Start of Block

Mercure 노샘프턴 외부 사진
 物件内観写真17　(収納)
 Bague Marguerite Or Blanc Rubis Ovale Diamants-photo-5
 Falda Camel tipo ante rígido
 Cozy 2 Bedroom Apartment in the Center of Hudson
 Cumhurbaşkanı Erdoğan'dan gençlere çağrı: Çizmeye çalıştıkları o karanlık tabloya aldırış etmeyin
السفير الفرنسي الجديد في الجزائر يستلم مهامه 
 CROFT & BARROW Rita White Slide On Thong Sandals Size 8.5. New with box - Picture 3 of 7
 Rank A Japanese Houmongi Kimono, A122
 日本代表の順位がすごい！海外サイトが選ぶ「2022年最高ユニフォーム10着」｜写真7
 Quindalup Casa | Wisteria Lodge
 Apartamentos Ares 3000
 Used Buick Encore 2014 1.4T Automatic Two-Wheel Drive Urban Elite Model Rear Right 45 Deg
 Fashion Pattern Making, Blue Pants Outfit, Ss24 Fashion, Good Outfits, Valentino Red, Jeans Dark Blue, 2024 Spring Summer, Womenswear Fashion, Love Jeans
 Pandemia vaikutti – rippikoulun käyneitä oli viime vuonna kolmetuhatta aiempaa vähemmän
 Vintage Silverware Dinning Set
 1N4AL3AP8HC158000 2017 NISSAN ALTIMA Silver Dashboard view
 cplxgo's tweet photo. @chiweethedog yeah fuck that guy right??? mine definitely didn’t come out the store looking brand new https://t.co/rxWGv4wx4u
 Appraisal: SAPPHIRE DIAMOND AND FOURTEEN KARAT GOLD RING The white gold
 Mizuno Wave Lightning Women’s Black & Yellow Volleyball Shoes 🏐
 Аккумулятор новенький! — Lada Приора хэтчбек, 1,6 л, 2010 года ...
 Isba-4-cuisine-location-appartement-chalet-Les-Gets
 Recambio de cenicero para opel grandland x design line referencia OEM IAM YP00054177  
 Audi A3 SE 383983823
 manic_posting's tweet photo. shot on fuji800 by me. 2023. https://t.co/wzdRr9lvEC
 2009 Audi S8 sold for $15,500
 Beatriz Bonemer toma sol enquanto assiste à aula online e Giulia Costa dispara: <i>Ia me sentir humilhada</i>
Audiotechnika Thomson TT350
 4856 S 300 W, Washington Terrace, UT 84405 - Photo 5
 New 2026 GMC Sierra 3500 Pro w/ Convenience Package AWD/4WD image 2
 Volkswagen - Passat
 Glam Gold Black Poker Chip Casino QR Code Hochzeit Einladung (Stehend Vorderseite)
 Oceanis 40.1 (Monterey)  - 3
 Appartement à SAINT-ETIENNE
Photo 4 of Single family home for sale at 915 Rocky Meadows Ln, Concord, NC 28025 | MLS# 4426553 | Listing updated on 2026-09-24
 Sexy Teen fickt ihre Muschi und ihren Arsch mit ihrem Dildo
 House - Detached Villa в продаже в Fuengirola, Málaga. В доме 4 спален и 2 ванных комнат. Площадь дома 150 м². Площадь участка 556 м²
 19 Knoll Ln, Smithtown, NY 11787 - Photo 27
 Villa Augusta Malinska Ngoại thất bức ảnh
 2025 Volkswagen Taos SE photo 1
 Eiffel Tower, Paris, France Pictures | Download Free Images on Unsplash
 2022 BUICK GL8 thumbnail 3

End of Block

- **Work item**
In the listing above, find the line with "CROFT & BARROW" and the line with "Audiotechnika Thomson TT350", then print exactly those two lines and every line between them, and nothing more.

- **Result for this exercise**
 CROFT & BARROW Rita White Slide On Thong Sandals Size 8.5. New with box - Picture 3 of 7
 Rank A Japanese Houmongi Kimono, A122
 日本代表の順位がすごい！海外サイトが選ぶ「2022年最高ユニフォーム10着」｜写真7
 Quindalup Casa | Wisteria Lodge
 Apartamentos Ares 3000
 Used Buick Encore 2014 1.4T Automatic Two-Wheel Drive Urban Elite Model Rear Right 45 Deg
 Fashion Pattern Making, Blue Pants Outfit, Ss24 Fashion, Good Outfits, Valentino Red, Jeans Dark Blue, 2024 Spring Summer, Womenswear Fashion, Love Jeans
 Pandemia vaikutti – rippikoulun käyneitä oli viime vuonna kolmetuhatta aiempaa vähemmän
 Vintage Silverware Dinning Set
 1N4AL3AP8HC158000 2017 NISSAN ALTIMA Silver Dashboard view
 cplxgo's tweet photo. @chiweethedog yeah fuck that guy right??? mine definitely didn’t come out the store looking brand new https://t.co/rxWGv4wx4u
 Appraisal: SAPPHIRE DIAMOND AND FOURTEEN KARAT GOLD RING The white gold
 Mizuno Wave Lightning Women’s Black & Yellow Volleyball Shoes 🏐
 Аккумулятор новенький! — Lada Приора хэтчбек, 1,6 л, 2010 года ...
 Isba-4-cuisine-location-appartement-chalet-Les-Gets
 Recambio de cenicero para opel grandland x design line referencia OEM IAM YP00054177  
 Audi A3 SE 383983823
 manic_posting's tweet photo. shot on fuji800 by me. 2023. https://t.co/wzdRr9lvEC
 2009 Audi S8 sold for $15,500
 Beatriz Bonemer toma sol enquanto assiste à aula online e Giulia Costa dispara: <i>Ia me sentir humilhada</i>
Audiotechnika Thomson TT350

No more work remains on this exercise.